Any Gun Can Play (Vado... l'ammazzo e torno) is a 1967 spaghetti Western starring Gilbert Roland, Edd Byrnes and George Hilton. The film is directed by Enzo G. Castellari. The film revolves around a group of cowboys in search of gold, leading to double-crosses as they continually change allegiances and gain the upper hand, only to be thwarted by fellow outlaws, mysterious insurance investigators, and each other.

== Plot ==
Monetero, along with his gang, successfully pulls off a train heist carrying $300,000 worth of gold despite the military's defense. One of Monetero's own, Pajondo, seizes the opportunity, betrays his comrades, and escapes with the loot.

The Stranger, a relentless bounty hunter tracking Monetero for a long time, sees the chance to finally catch him. As Monetero heads towards the Mexico border, he confronts Pajondo, coercing him into revealing the treasure's location. Pajondo, before being killed by the arriving army, manages to give Monetero a medal indicating the path to the loot. Monetero is arrested.

Facing torture and a death sentence by the military, Monetero is condemned. A banker named Clayton, assigned to recover the stolen gold at any cost, disagrees with the execution. Disguised as a priest, The Stranger enters Monetero's cell, promising him freedom in exchange for a share of the loot. Monetero, suspicious, breaks Pajondo's medal in half, giving one piece to The Stranger. The next day, Clayton discovers the broken medal during the execution, raising suspicions.

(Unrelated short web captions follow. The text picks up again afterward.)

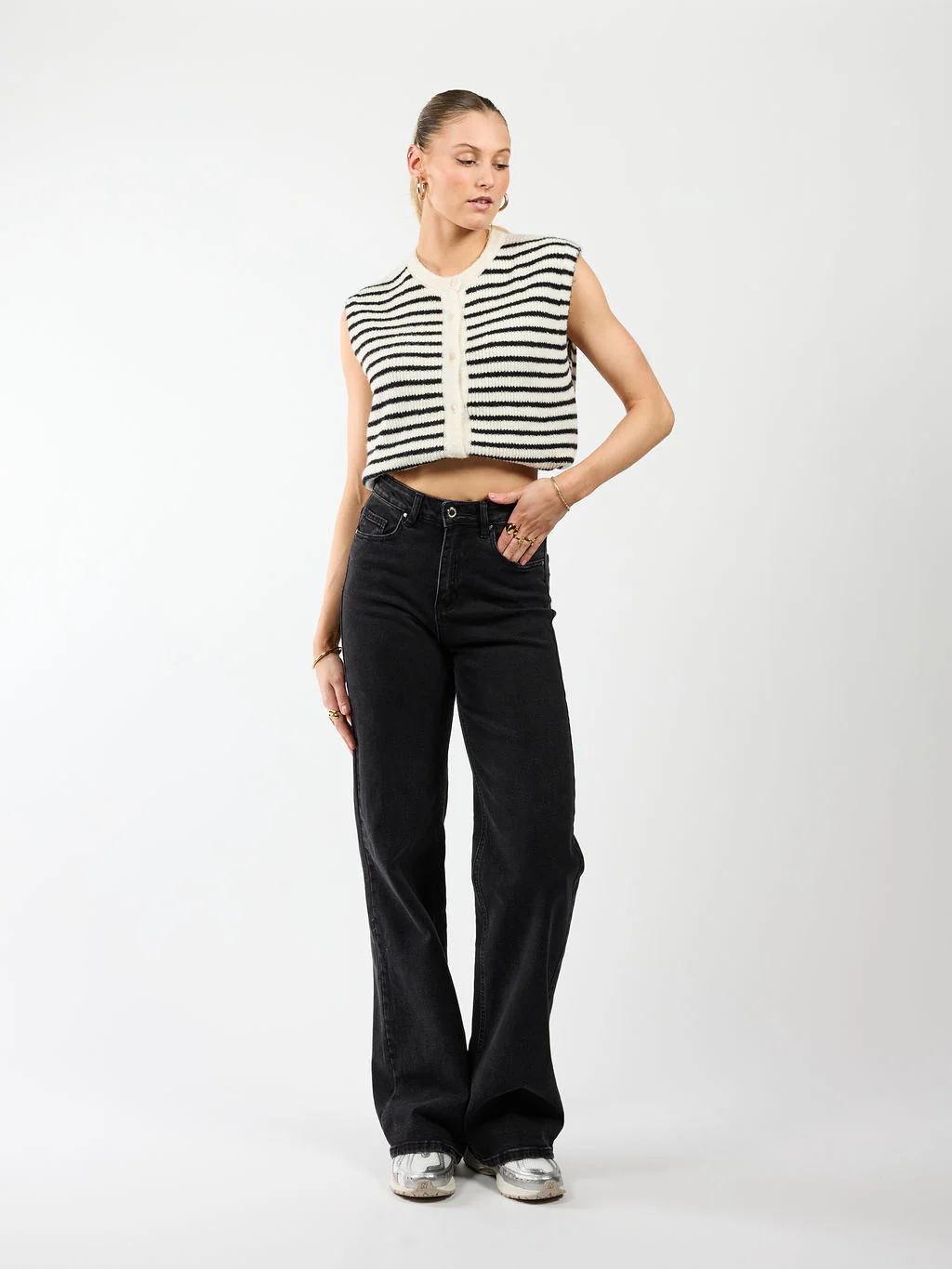 Sassy | Super Wide Leg Jeans | Stretch | Washed black | Tall - Image 3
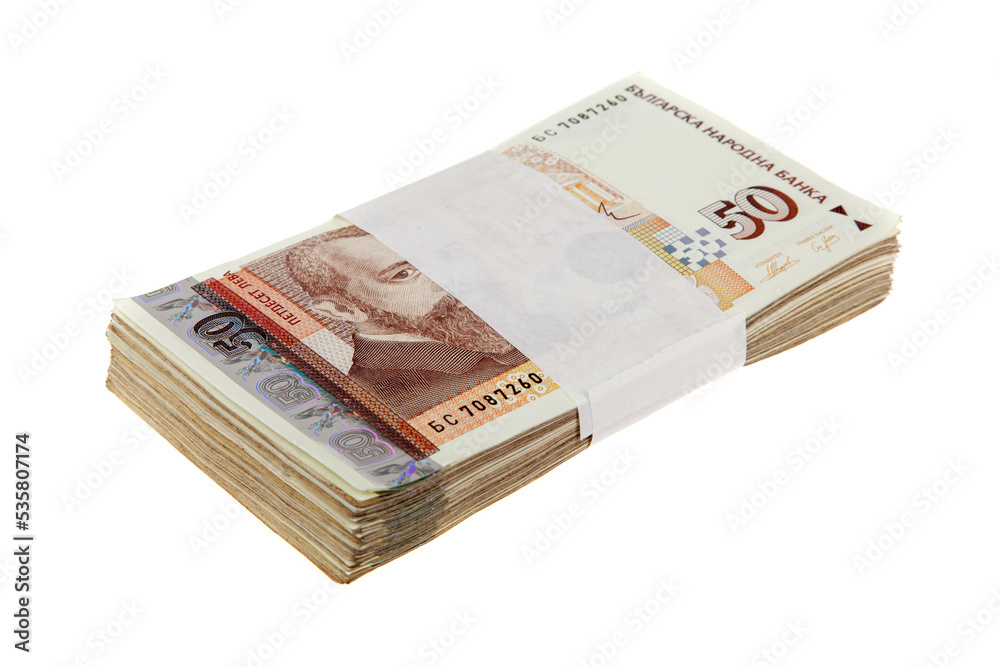 Stack of bills, bulgarian money. Bulgarian currency banknotes 50 leva, BGN. Finances concept Stack of bills, bulgarian money. Bulgarian currency banknotes 50 leva, BGN. Finances concept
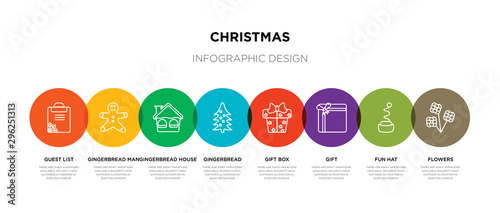 8 colorful christmas outline icons set such as flowers, fun hat, gift, gift box, gingerbread, gingerbread house, gingerbread man, guest list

As promised, The Stranger stages Monetero's execution, creating a diversion. Outside the fort, Monetero's men reclaim half of the medal from The Stranger but spare his life. Clayton struggles to reconstruct the medal with his piece, using an almanac with local landowners' crests, but fails. Monetero's men attempt to retrieve the half of the medal from Clayton, and The Stranger intervenes, killing them and forming an alliance with Clayton.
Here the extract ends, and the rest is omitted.